We should be able to target on so much richer information: the cross-site behavior of users (that’s the basis of Tacoda, just bought by AOL); their influence (that’s part of the sauce cooking up at 33 Across, where — full disclosure — I am an adviser and investor); their place in the timing of a conversation (meme starters, meme spreaders); their own characteristics (what do the demographics of authors tell us apart from the demographics of audience?); their authority (too bad Technorati never found a way to exploit that for bloggers’ benefit); and so on. This is about moving beyond eyeballs to brains.

But I wonder whether entrepreneurs will be able to start building some of this structure atop Google’s Ad Manager: analytics companies finding the ultimate network of soccer moms; ad agencies or media companies putting together ad hoc networks. This will create greater efficiency and thus greater value. And it will tie together a distributed community of interest into a critical mass advertisers will pay attention to: the mass of niches. And that, again, will support the creation of a new wealth of content and communication; that’s what I want to see.
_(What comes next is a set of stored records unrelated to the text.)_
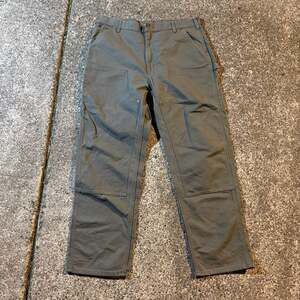 Vintage Carhartt B136 MOS Moss Green Washed Duck Double-Front Dungaree 40 x 34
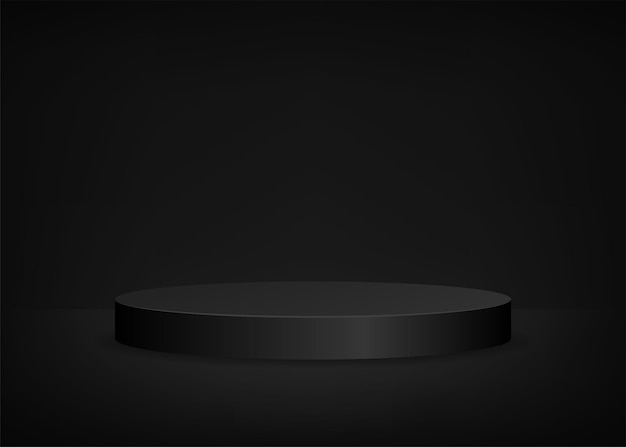 Vector empty stage black background round podium for presentation. vector illustration.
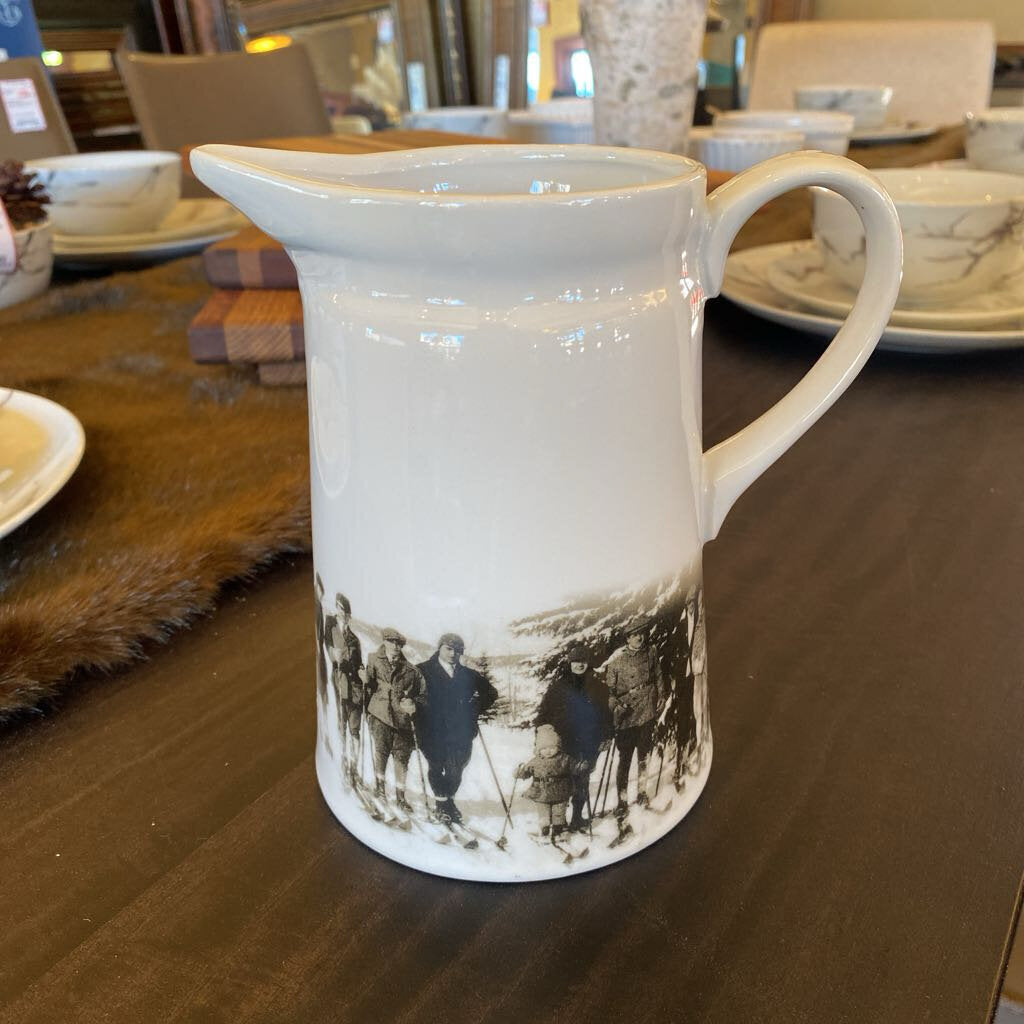 Pitcher With Vintage Skier Photo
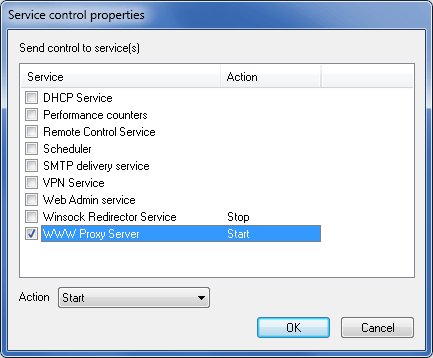 Service control properties
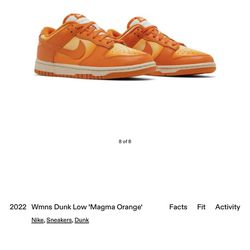 Never Worn! Nike Dunk Low “Magma Orange” W8/M6.5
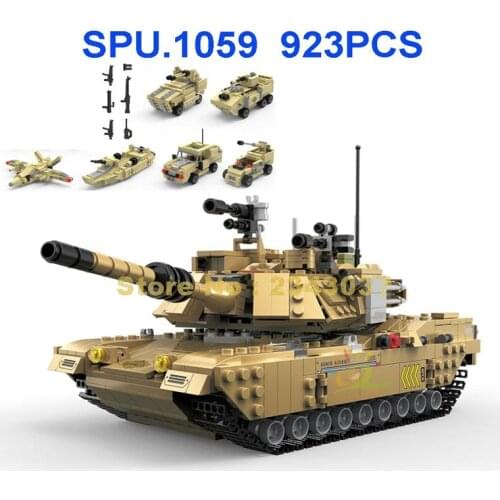 97002 923pcs 8in1 Military Abrams Main Battle Tank Armored Vehicle 6 Dolls Building Blocks Toy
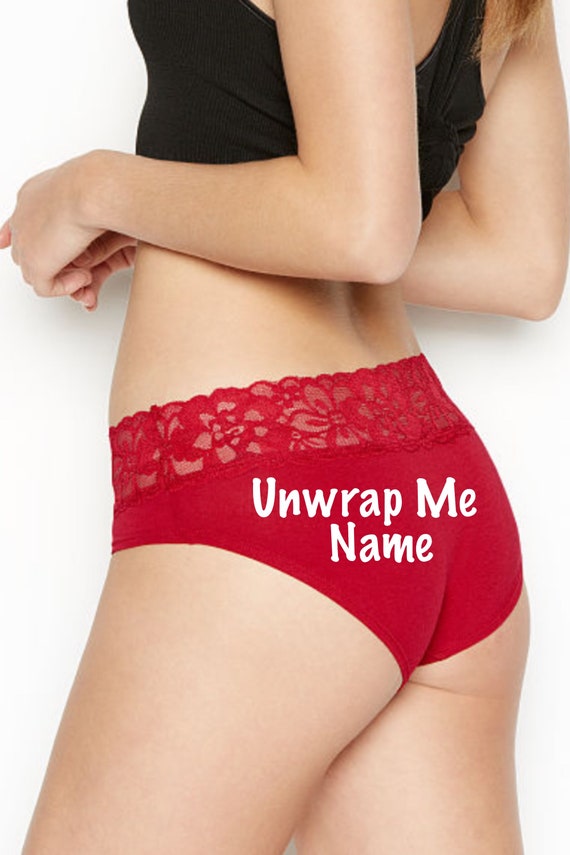 Unwrap Me red Victoria Secret Personalized Panty * FAST SHIPPING * Christmas Lingerie | Stocking Stuffer Idea | Gift for Him | Underwear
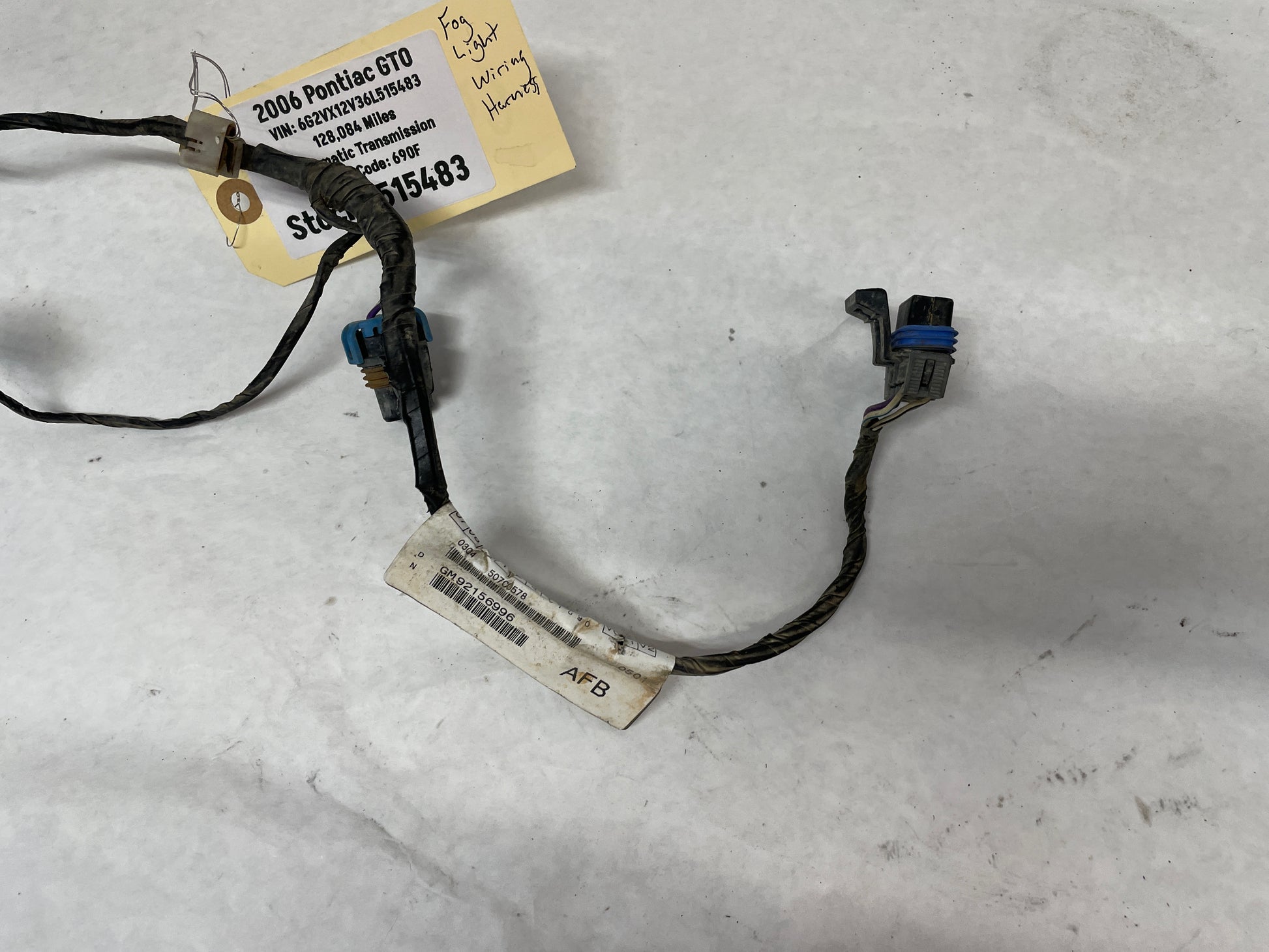 2006 Pontiac GTO Front Bumper Fog Light Lamp Wire Wiring Harness OEM - Day's Parts Yard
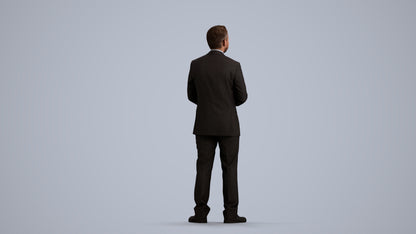 scanned 3D man business, photogrammetry people for Enscape and V-Ray, front view render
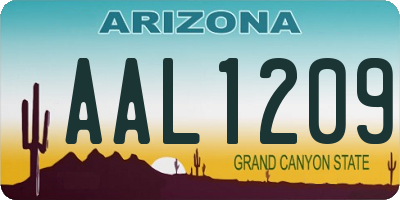 AZ license plate AAL1209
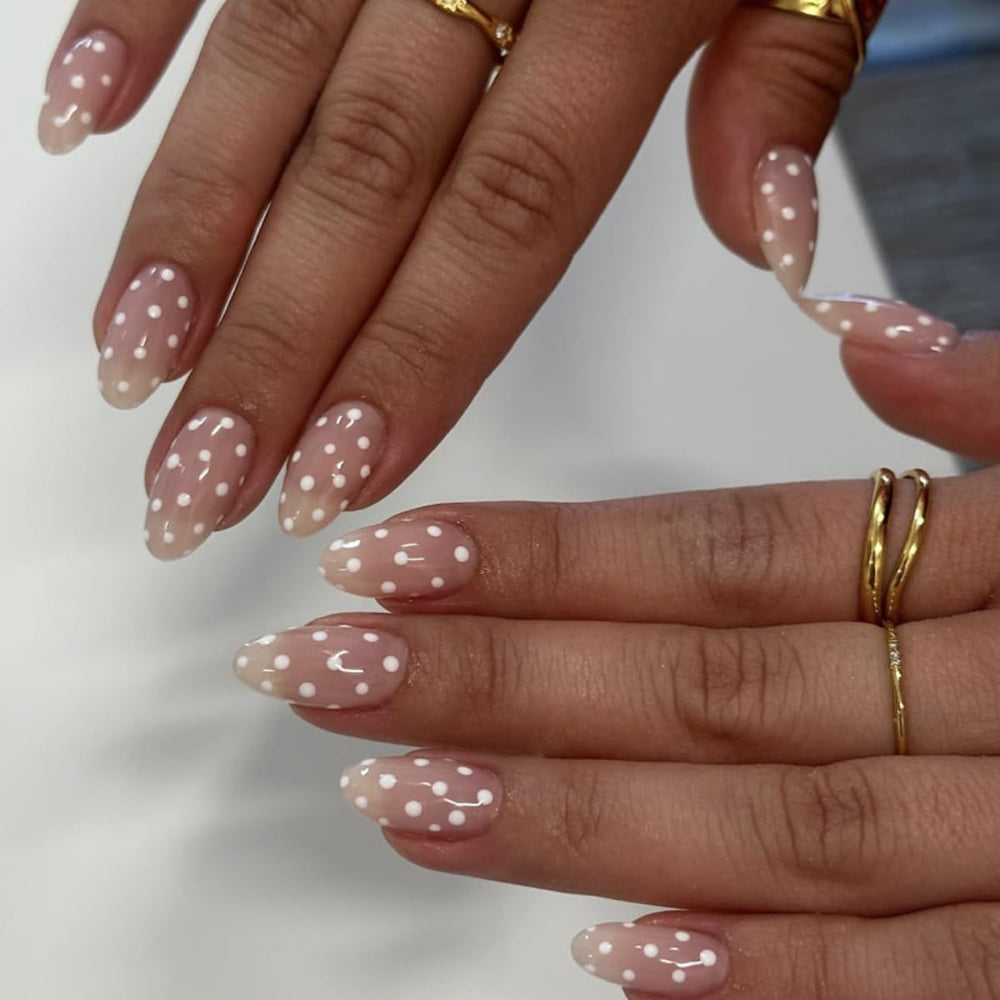 HPYFOI polka-dot press-on nails almond medium with glossy finish for fast at-home manicure.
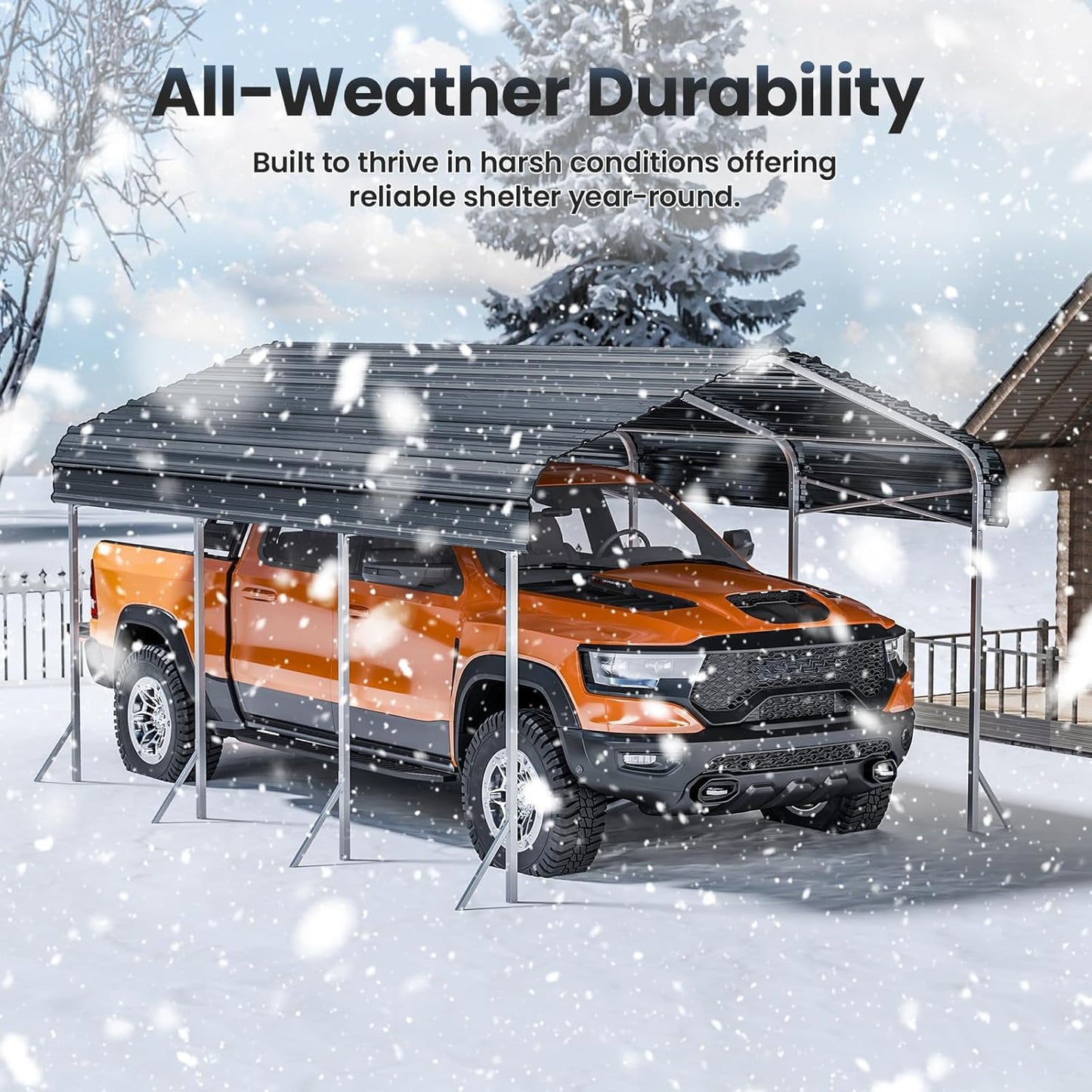 10x15' Heavy Duty Metal Carport – Sturdy Structure, All-Weather Protection, Easy Assembly for Cars, Trucks, Boats, Tractors, and Outdoor Storage (Grey, 10x15FT)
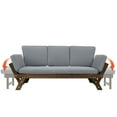 thumbnail image 4 of imerelez Outdoor Adjustable Patio Wooden Daybed Sofa Chaise Lounge with Cushions for Small Places, Brown Finish+Gray Cushion, 4 of 9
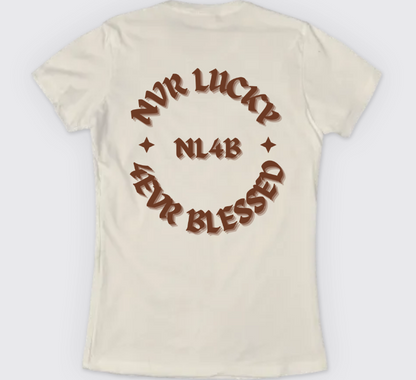 NL4B Stylish T-Shirt Cross On Front (Natural Shirt Brown Logo)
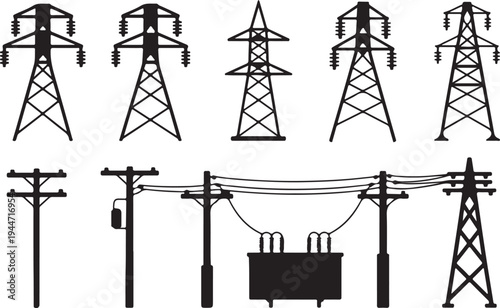 Extensive Collection of Electrical Power Transmission Towers and Utility Poles Network Silhouettes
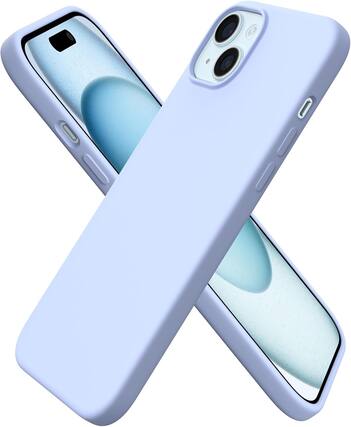Front. Ornarto - ORNARTO Compatible with iPhone 15 Plus Case 6.7", Slim Liquid Silicone Full Covered Protective Cover-Baby Blue - Baby Blue.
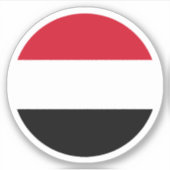 Jemen Vlag Ronde Sticker (Voorkant)
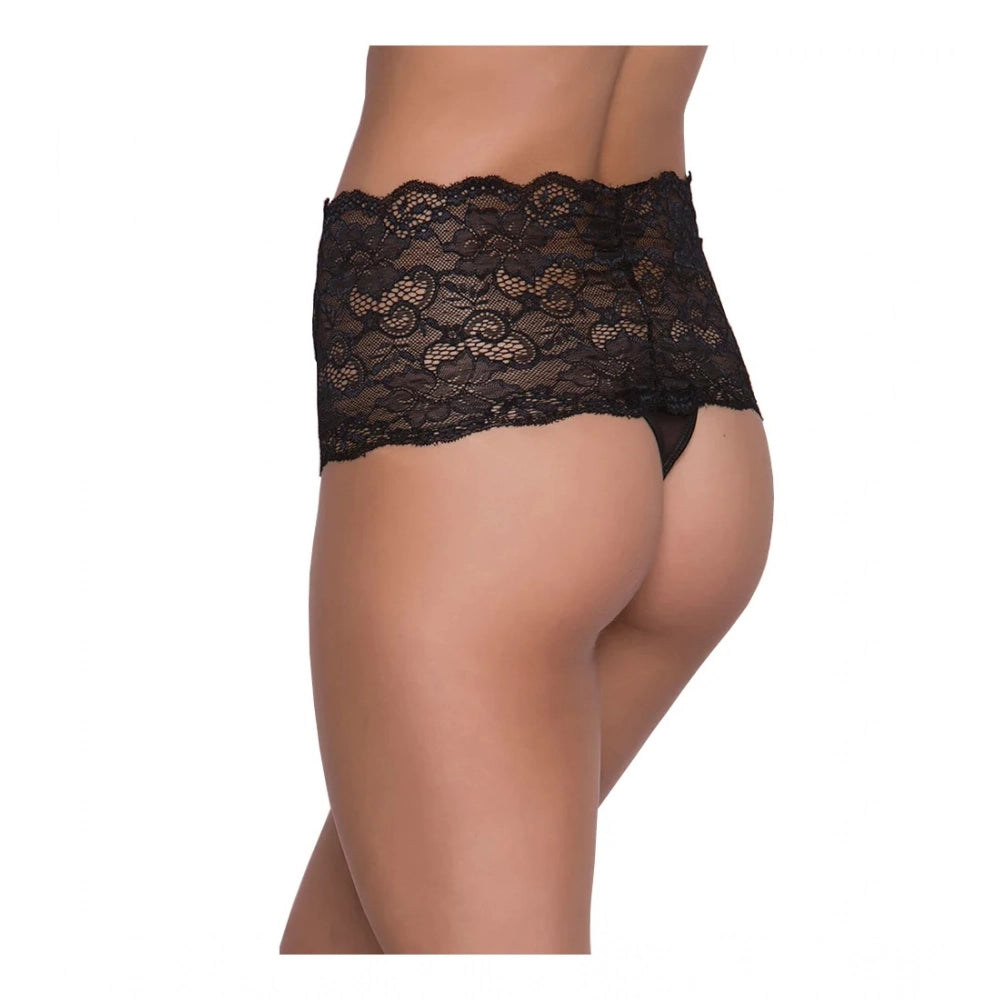 Amfyn Women's Pack Of_2 Nylon Spandex Self Design Thong Panty (Black, Free Size: Fit to S, M, L)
On a less momentous scale, the Google move also reduces the cost of serving ads to zero and that will have benefit for sites of any size. When I worked on sites that were DoubleClick clients (which will still charge for serving as it becomes part of Google… for now) it was too expensive to serve even our own promotional ads because we had to pay DoubleClick to do it. Now sites can use their ad inventory in new and more creative ways. That, too, is a benefit of Ad Manager.

Altogether, Google is simply doing what Google does: creating a platform. That benefits all its users and it benefits Google by putting it at the center of the market. But the more closed that market is, the more it benefits Google over the users. And the more Google becomes the sole standard, the more it can successfully make it closed. So if we’re going to create an open ad marketplace, now’s the time. If it’s not already too late.